After the death about 290A.D.of Diophantus a famous Greek mathematician someone !
Question:
After the death about 290A.D.of Diophantus a famous Greek mathematician someone described his life as a puzzle
he was a boy for 1/6 of his life
after 1/12 more, he aquired a beard
after another 1/7, he married
in the fifth year after marriage his son was born
the son lived half as many years as his father
diophantus died 4 years after his son
how old was diophantus when he died?
how did u get dat answer?
best answer plz
Answers:
This is a simultaneous equation question.
Firstly you know the guy dies in 290AD (i hope thats what it means). therefore you know he was born in 290AD-x (x is his age).
1/6 of his life is therefore 1/6x so he was a boy for 1/6x, and then after 1/12x he grew a beard.
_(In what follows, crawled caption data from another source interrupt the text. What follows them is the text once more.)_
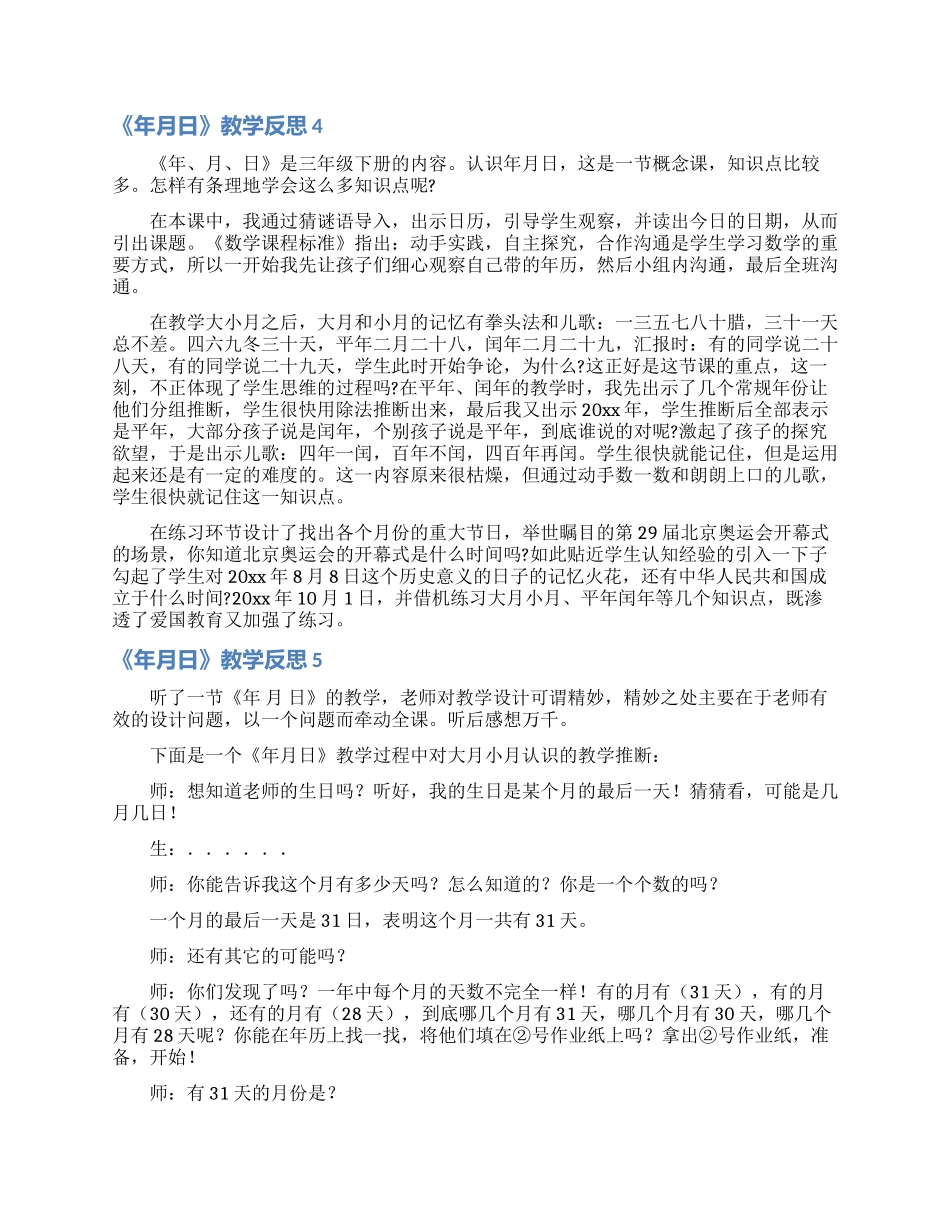 《年月日》教学反思_第3页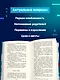 Играем честно! - фото 5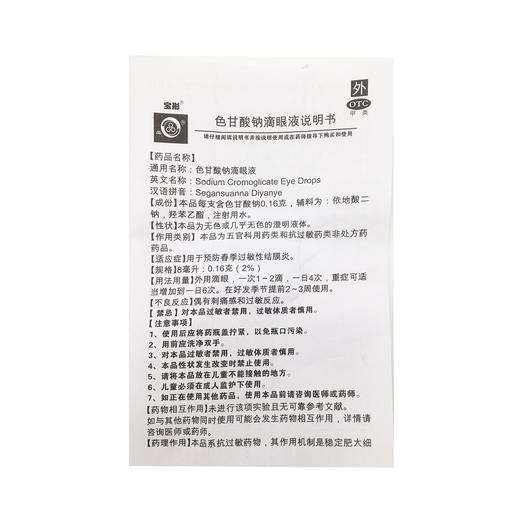 色甘酸钠滴眼液  8ml:0.16g   湖北潜江制药 商品图5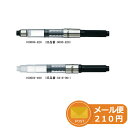 カランダッシュ CARAN D'ACHE コンバーター・スクリュー式コンバーター 100000-820/00
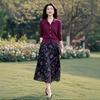 Spring & Autumn Casual Elegant Knit Sweater & Floral Midi Skirt Set for Middle-Aged Women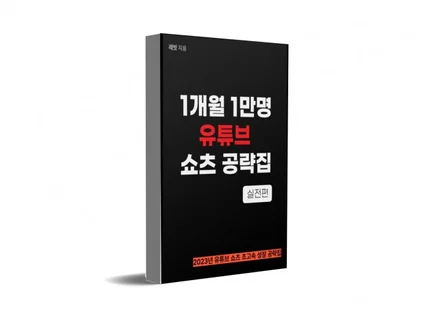 1만 구독자 유튜브 쇼츠 계정 만들기 노하우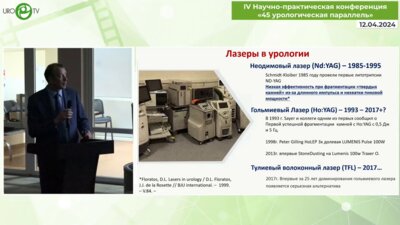 Болгов Е.Н. - Гольмиевые лазеры в урологии - уходящий золотой стандарт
His age at this point was 1/6x+1/12x, and when he gets married his age is 1/6x+1/12x+1/7x which is simplified to 33/84x.
After 5 more years he has a child so he has a child at 33/84x+5.
The son lives for 1/2 of his fathers life so he lives for 1/2x.
We know that the father dies in 290AD so his son dies in 286AD.
Finally, the year in which the son dies is therefore:
The year of Diophantus birth+ his life up until he gives birth to his child+the lifespna of the child.
His life as explained is 290-x+33/84x+5 and the lifespan of the child is 1/2x.
290-x+33/84x+5+1/2x=286
4-x+33/84x+5+1/2x=0
9-x+33/84x+1/2x=0
9-x+75/84x=0
9=x-75/84x
9=9/84x
9*84=9x
x=84years
I hope this is right, also i got this first before the guy who said hes working on it, unless of course im wrong.